A UAA academic misconduct administrator talked about acts of cheating regarding AI policies and the evolution of AI on college campuses.

Photo by Taylor Heckart

This story is a part of The Northern Light’s investigative series into AI in education, which follows different groups at UAA and their experience with AI.

The use of AI in education is at an all-time high, but how is AI evolving the way we interact with its programs? The Northern Light spoke with UAA conduct administrator Trevor Gillespie who addresses instances of AI sourced cheating and the evolution of AI.

Gillespie examines academic misconduct reports sent in from faculty. If a case is confirmed to exhibit some sort of academic integrity issue, Gillespie and other faculty will meet with the student to discuss the allegation and give the student an opportunity to defend their case.

Gillespie explained that he has seen a rise in suspected cases of AI-related academic dishonesty.

Not only is there a rise in AI use on campus, but Gillespie said that students’ cheating methods have evolved. “I’m not seeing reports of people copying from a third party source, which I would normally see. I’m seeing AI instead,” said Gillespie

Gillespie noted that UAA does not currently have any campus-wide policies regarding AI but believes that “at some point we’ll have to have more specific policies around artificial intelligence, particularly when it comes to academic misconduct.”

The only policies at UAA addressing AI use are created by individual educators that explain approved AI tools and how to use them in a syllabus – if AI is even allowed at all.

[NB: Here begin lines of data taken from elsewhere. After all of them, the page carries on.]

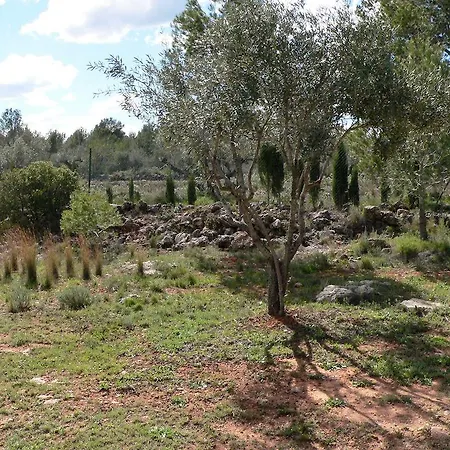 Casa Rural El Falco * Chella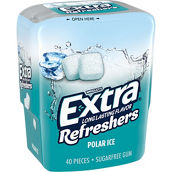 Extra Refreshers Polar Ice Chewing Gum, 40 Pieces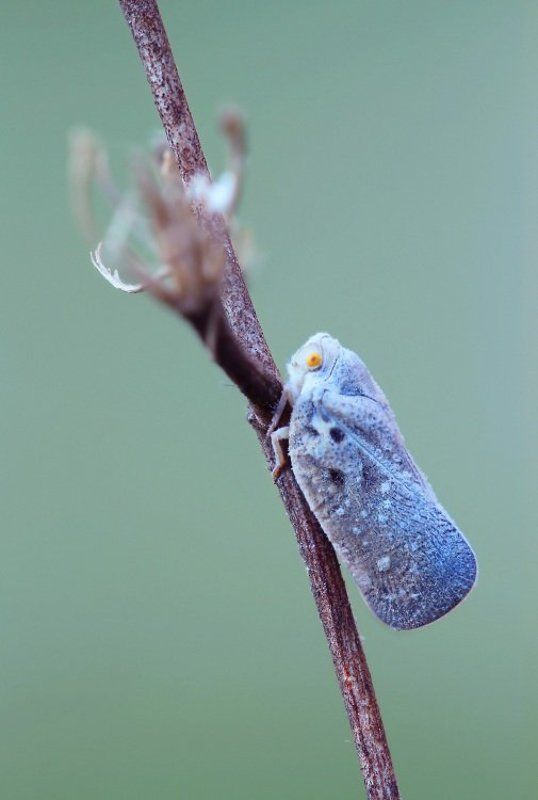 В инее фото превью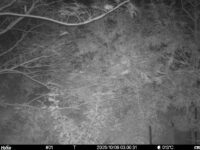 Oct 9 2025  3:00:30, #01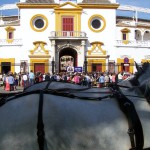 Plaza de Toros de la Real Maestranza de Caballería
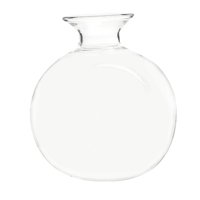 Bothyi - Florero Para Principiantes Con Semillas De Aguacate, Regalos Decorativos, Florero Transparente Para Oficina, Hogar, Jardín, Estilo B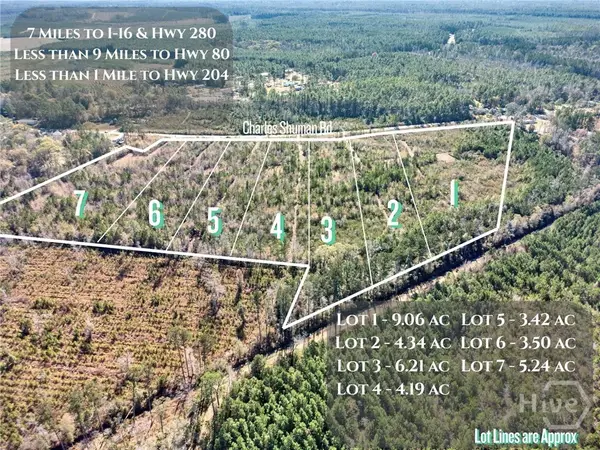 Lot 1 Charles Shuman Road, Pembroke, GA 31321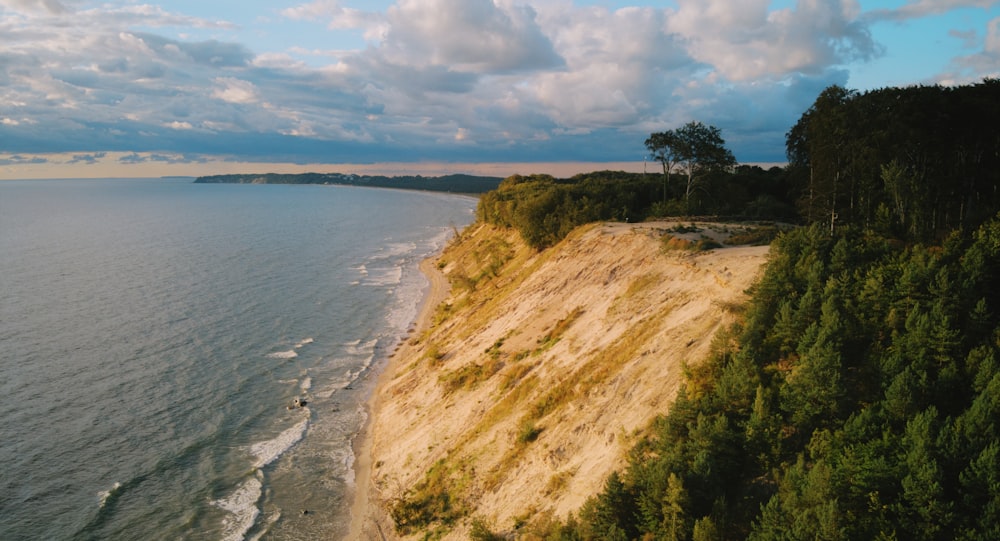 a beach with trees and a body of water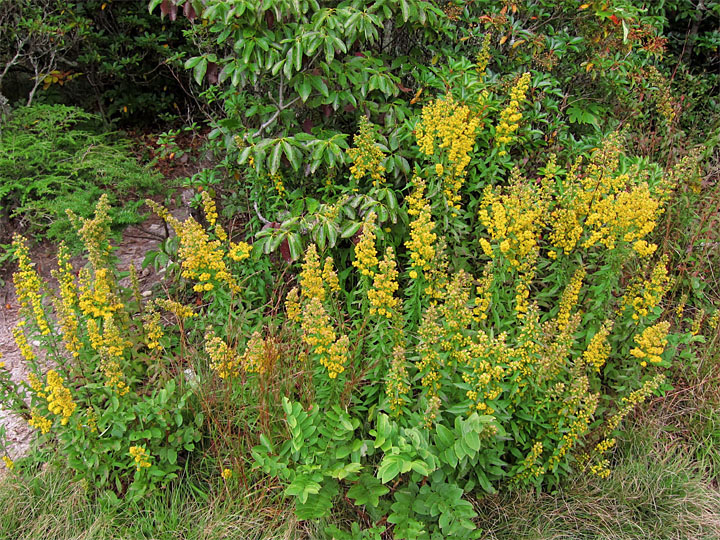 Goldenrod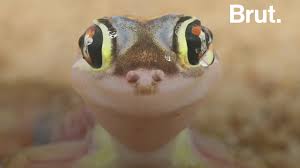 Get it as soon as tue, jul 20. This Gecko With Huge Eyes Lives In The Namib Desert Brut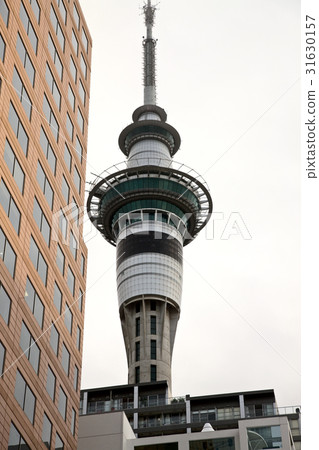 Auckland New Zealand Auckland New Zealand 31630157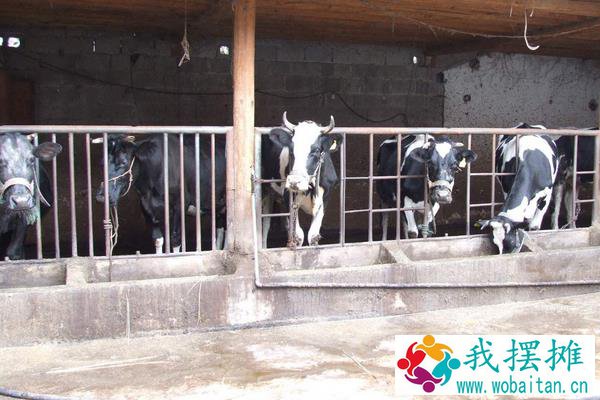 奶牛养殖现状，养殖不够精细，追求产量忽视质量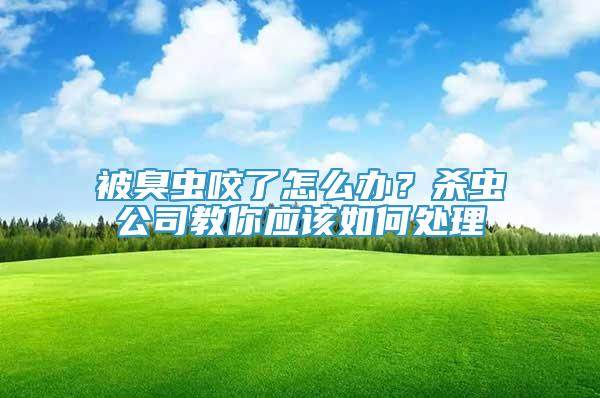 被臭蟲咬了怎么辦？殺蟲公司教你應(yīng)該如何處理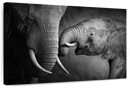 Elephant Affection Wall Art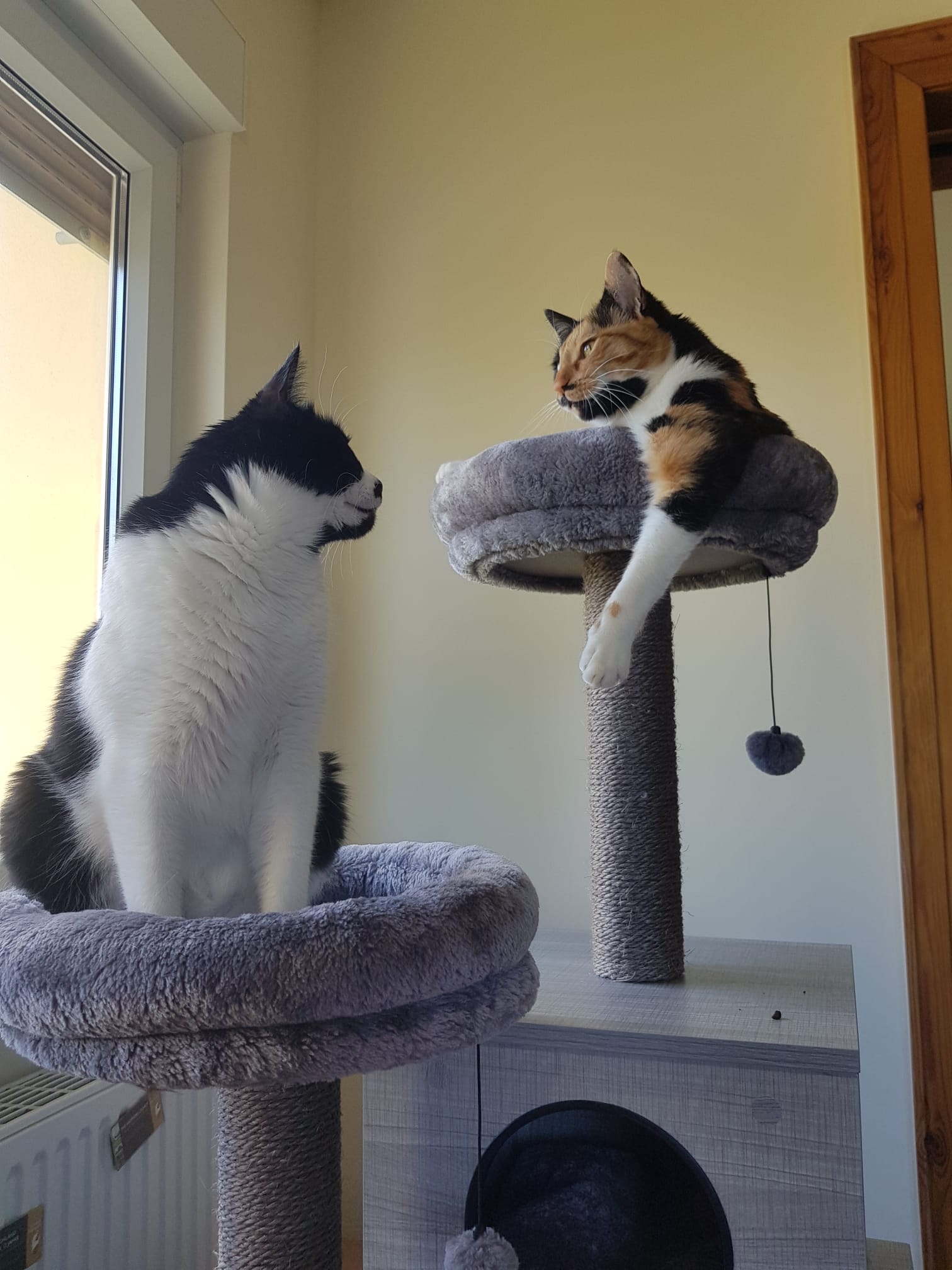 Pollux und Lyra auf ihrem Kratzbaum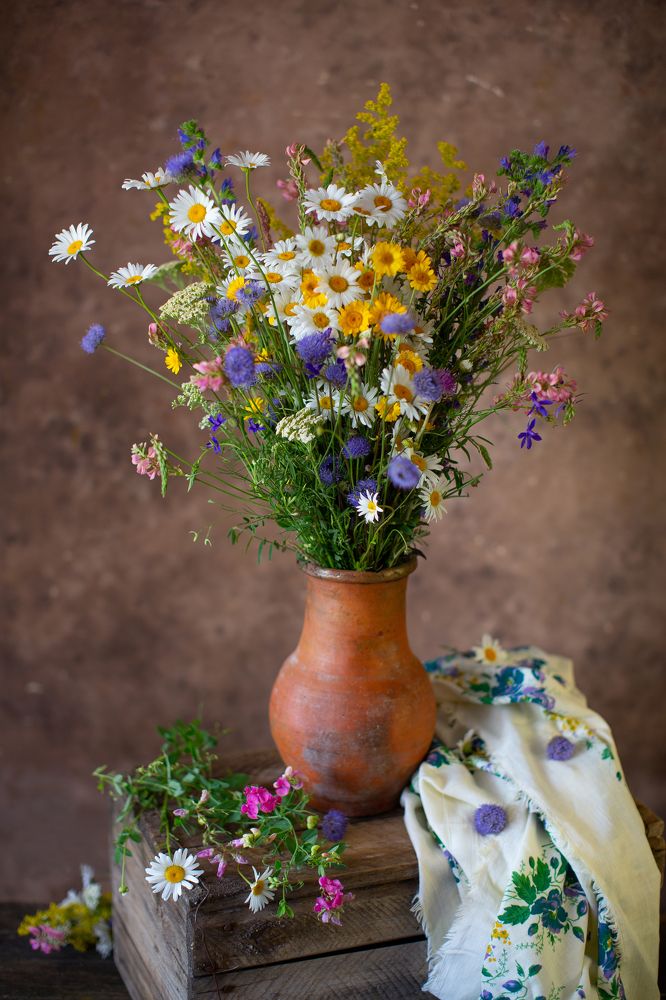 Photograph by Екатерина Лопухова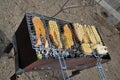 Fish meat cooked in natural conditions on the coals of a campfire Royalty Free Stock Photo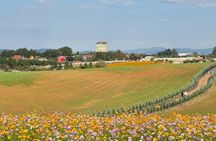 [Private] Anseong Farmland Flower Festival & Golden Buddha Temple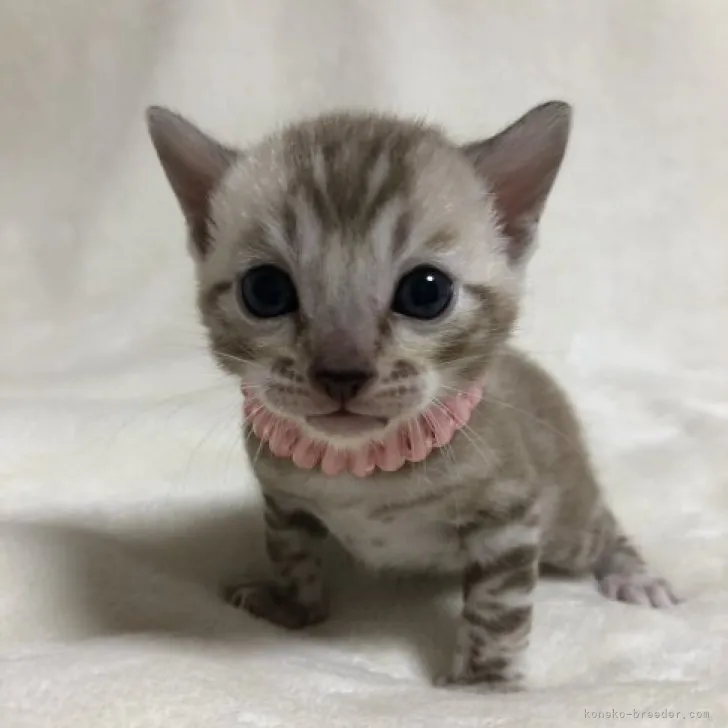 ID：2310-02957の子猫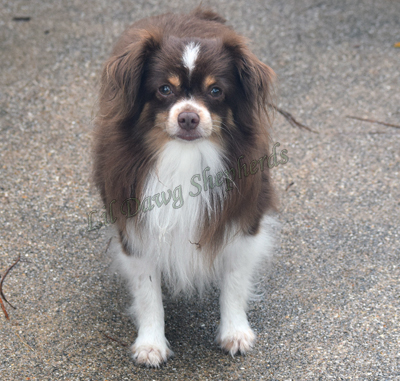 Lil Dawg Shepherds Rangerover Treble is a red tri male. 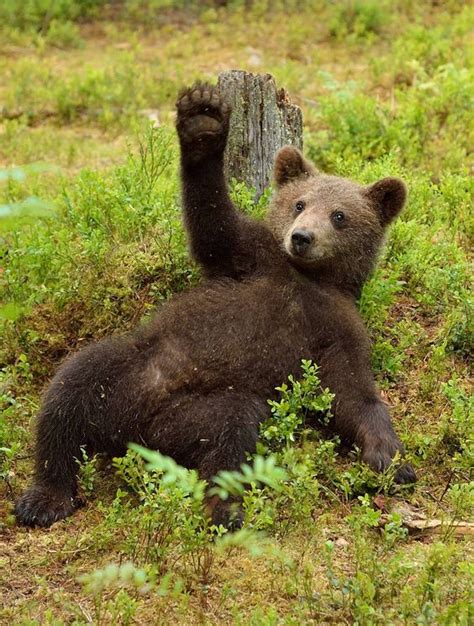 50 Bears Waving Good Bye To Humanity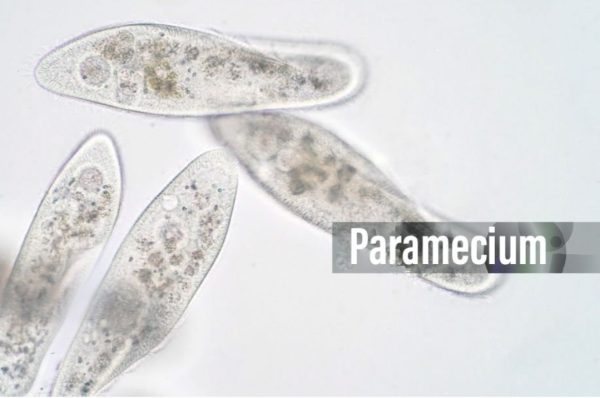 Live Paramecium Caudatum Culture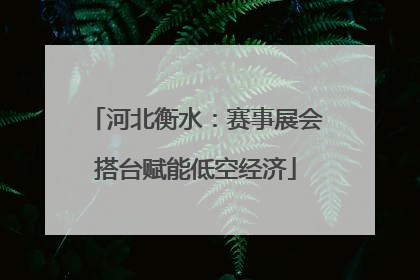 河北衡水：赛事展会搭台赋能低空经济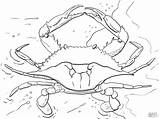 Crab Coloring Realistic Adult Pages Coloringbay sketch template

College campuses throughout the nation have had instances of students being wrongfully accused of allowing AI to write papers for them.

Gillespie explained the largest difficulty in misconduct evaluations is determining if a student wrote something versus if an AI wrote it. “If there’s doubt, I can’t move forward. AI keeps evolving and tools keep evolving. I found a new tool yesterday using AI that will likely cause more problems for academic misconduct.”

Gillespie has a tedious regimen to follow when attempting to discover if a student is using AI for misconduct, with most cases involving writing projects.

“I have to re-create their solution in the AI and see if I could figure out how they got the solution similarly. It’s kind of a puzzle for me.”

The reasoning for this process is that Gillespie doesn’t want student information to be sent through an online AI checker, because he does not have control over where the information is spread.

Writing-related conduct cases are often an obstacle for Gillespie. When the suspected writing is short, it is harder for him to confirm academic misconduct.

Most integrity cases at UAA involve writing assignments, but Gillespie noted that could be a confirmation bias. There is difficulty in proving AI was used in generating math answers and programming codes.

With the progression of AI, Gillespie said that concerns with AI use in an academic setting often go under the majority’s radar. Gillespie explained that certain components of Grammarly – a program commonly used by students – now utilizes AI without the user even knowing.

These changes in AI use can certainly cause concern but there may be a solution to consider; adapting to AI as a community as it becomes ingrained into everyday technological uses.

“I think there’s still a lot of adaptation going on and figuring out how to do it. I think it’s going to be the future of how we use AI; some sort of corporation teaching students how to use AI as a tool to help shape their work versus telling it to write their work,” said Gillespie.